Göçün başladığı ilk zamanlardan itibaren Ürdün’ün izlediği kayıt politikası, kayıtların UNHCR tarafından alınmasını sağlaması olmuştur. Buna karşın, kayıt sorunu tamamen ortadan kalkmamış ve bu durum yalnızca ekonomik sorunları değil aynı zamanda, yanı başında çeşitli terör örgütlerinin konuşlandığı ve büyük çatışmaların yaşandığı Suriye’den kaynaklanabilecek güvenlik sorunlarını da beraberinde getirmiştir. Kayıt işlemlerinde, gelen Suriyeliler büyük oranda bilgilerinin Suriyeli yetkililere ulaşması ve bu nedenle geri döndüklerinde sorun teşkil etmesinden korktukları için kendilerini gizleme çabasında olmuşlardır.  2013 yılının Mayıs ayında, konuyla ilgili önemli bir adım atılmış ve gayri resmi geçiş yapılabilecek noktalardaki güvenlik önlemlerini artırarak tamamen kapatılmış, yalnızca Cabir’de bulunan resmi sınır kapısı açık bırakılmıştır[21]. Ürdün hükümetinin izlediği bu politika o yıl içerisinde yaklaşık bin Suriyeli sığınmacının kaçak yollarla girmesini engellemiştir. Suriyeli sığınmacılar kayıtlarının alınmasının ardından çeşitli kamplara yerleştirilmiştir.

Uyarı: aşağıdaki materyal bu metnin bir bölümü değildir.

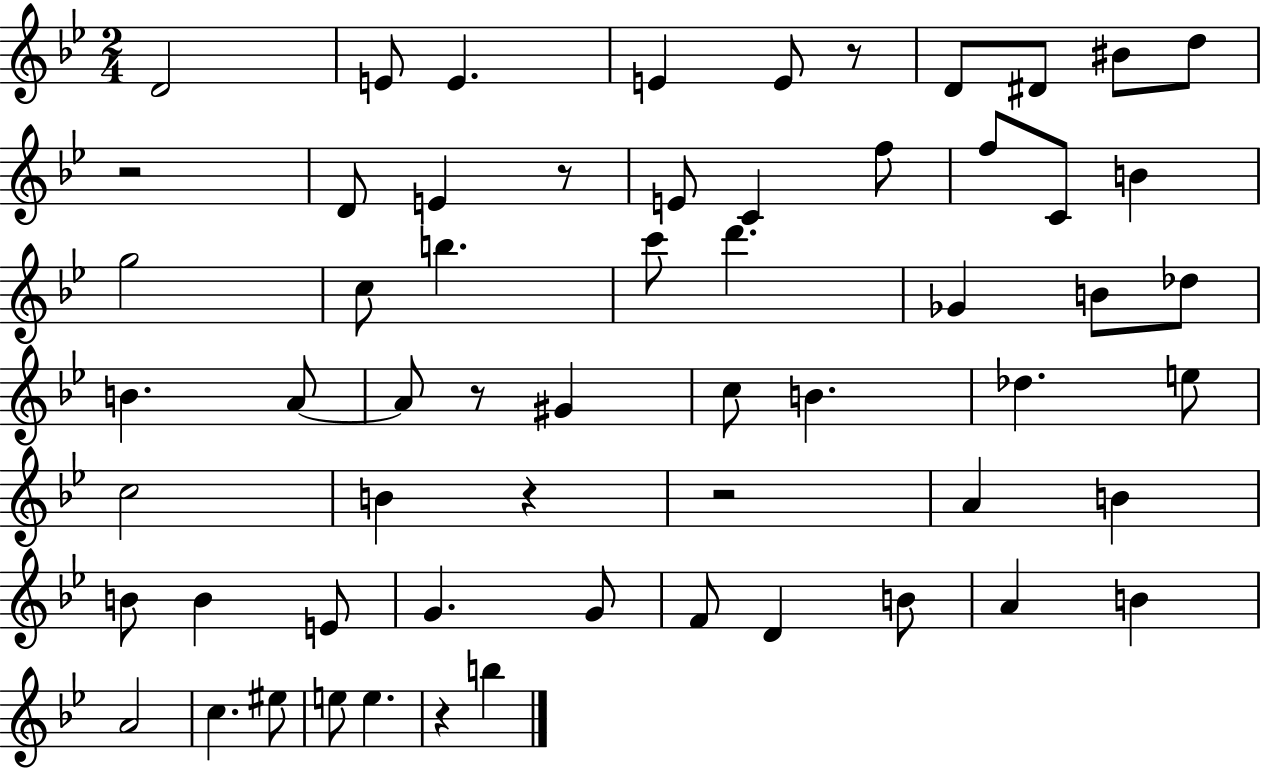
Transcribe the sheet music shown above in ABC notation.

X:1
T:Untitled
M:2/4
L:1/4
K:Bb
D2 E/2 E E E/2 z/2 D/2 ^D/2 ^B/2 d/2 z2 D/2 E z/2 E/2 C f/2 f/2 C/2 B g2 c/2 b c'/2 d' _G B/2 _d/2 B A/2 A/2 z/2 ^G c/2 B _d e/2 c2 B z z2 A B B/2 B E/2 G G/2 F/2 D B/2 A B A2 c ^e/2 e/2 e z b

Ürdün hükümeti, genel olarak Suriye’den gelen ve sığınma talebinde bulunan kişilerin talebini kabul etmiş fakat sığınma talebinde bulunmak için bazı özel şartlar getirmiştir. Buna göre, yalnızca kadınlar, çocuklar ve acil tıbbi ihtiyacı olan siviller sığınma talebinde bulunabilmiştir[22]. Kayıt altına alınan Suriyelilerin izinsiz kamp dışına çıkmaları yasaklanmıştır. Kamp dışında yaşamak için yine özel bir şart konulmuştur. Buna göre, kamp dışına çıkmak isteyen Suriyelilerin bir Ürdün vatandaşının kefil olması halinde istekleri kabul edilmiştir[23]. Başlangıçta düzenli bir şekilde işleyen bu uygulamanın zamanla kampların kapasitelerinin çok üstünde sığınmacı barındırmaları nedeniyle esnetilmek zorunda kalındığını belirtmek gerekir. Bu uygulamaların sonucunda UNHCR’ın son verilerine göre kamplarda yaşayan toplam Suriyeli sığınmacı sayısı 124,019’dur.

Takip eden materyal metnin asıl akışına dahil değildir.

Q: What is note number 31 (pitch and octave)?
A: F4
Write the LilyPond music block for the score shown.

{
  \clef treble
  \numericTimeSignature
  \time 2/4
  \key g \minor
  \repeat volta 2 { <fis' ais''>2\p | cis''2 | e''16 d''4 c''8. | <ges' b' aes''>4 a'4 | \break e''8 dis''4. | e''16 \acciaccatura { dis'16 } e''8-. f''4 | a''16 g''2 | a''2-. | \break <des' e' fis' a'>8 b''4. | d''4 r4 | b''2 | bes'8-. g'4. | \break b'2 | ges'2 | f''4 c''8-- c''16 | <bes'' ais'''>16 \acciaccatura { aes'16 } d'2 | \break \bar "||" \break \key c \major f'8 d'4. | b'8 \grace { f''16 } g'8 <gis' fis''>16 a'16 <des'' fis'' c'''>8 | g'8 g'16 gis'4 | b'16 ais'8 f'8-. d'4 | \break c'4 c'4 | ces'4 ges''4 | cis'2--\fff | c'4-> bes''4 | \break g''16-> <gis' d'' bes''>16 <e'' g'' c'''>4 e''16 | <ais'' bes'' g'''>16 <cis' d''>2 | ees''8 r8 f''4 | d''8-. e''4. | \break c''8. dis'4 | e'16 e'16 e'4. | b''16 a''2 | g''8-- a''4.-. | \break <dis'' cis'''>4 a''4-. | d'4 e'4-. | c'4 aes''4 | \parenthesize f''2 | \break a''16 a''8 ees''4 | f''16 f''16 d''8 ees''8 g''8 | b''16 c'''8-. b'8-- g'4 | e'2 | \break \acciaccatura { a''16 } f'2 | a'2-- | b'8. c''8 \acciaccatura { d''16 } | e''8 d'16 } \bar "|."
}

            Gelişmişlik seviyesi düşük ve kıt kaynaklara sahip Ürdün için sığınmacılar büyük bir ekonomik yük oluşturmuştur. 2011 yılının ardından Ürdün, önceki deneyimlerine dayanarak, uluslararası alanda ekonomik destek çağrılarında bulunmuş, finansal kredi başvuruları yapmış ve çok sayıda ülke ile diplomatik girişimlerde bulunmuştur. Birleşik Arap Emirlikleri, Bahreyn, İran, Körfez İşbirliği Teşkilatı, ABD, Kanada, İngiltere, Rusya, Japonya, AB, IMF ve elbette BM’den özellikle Suriyeli sığınmacılar kapsamında yardım almıştır[24]. Ayrıca Ürdün, kurduğu diplomatik ilişkilerde yalnızca ekonomik yardımlar için değil, aynı zamanda Suriye’de var olan krizin sonlandırılması için de çaba göstermiştir. Suudi Arabistan’ın Güvenlik Konseyi üyeliğini reddetmesi nedeniyle, 07 Aralık 2013 tarihinde yapılan oylama ile 178 ülkenin oyunu alan Ürdün, 2014-2015 dönemi arasında iki yıllığına Güvenlik Konseyi geçici üyeliğine seçilmiş ve 1 Ocak 2014 itibariyle yeni görevine başlamıştır[25]. 2014-2015 yılları içerisinde, Ürdün’ün BM Güvenlik Konseyi Geçici üyeliği, Suriye’deki krizin sonlandırılması adına atacağı adımlar için etkin rol oynamıştır.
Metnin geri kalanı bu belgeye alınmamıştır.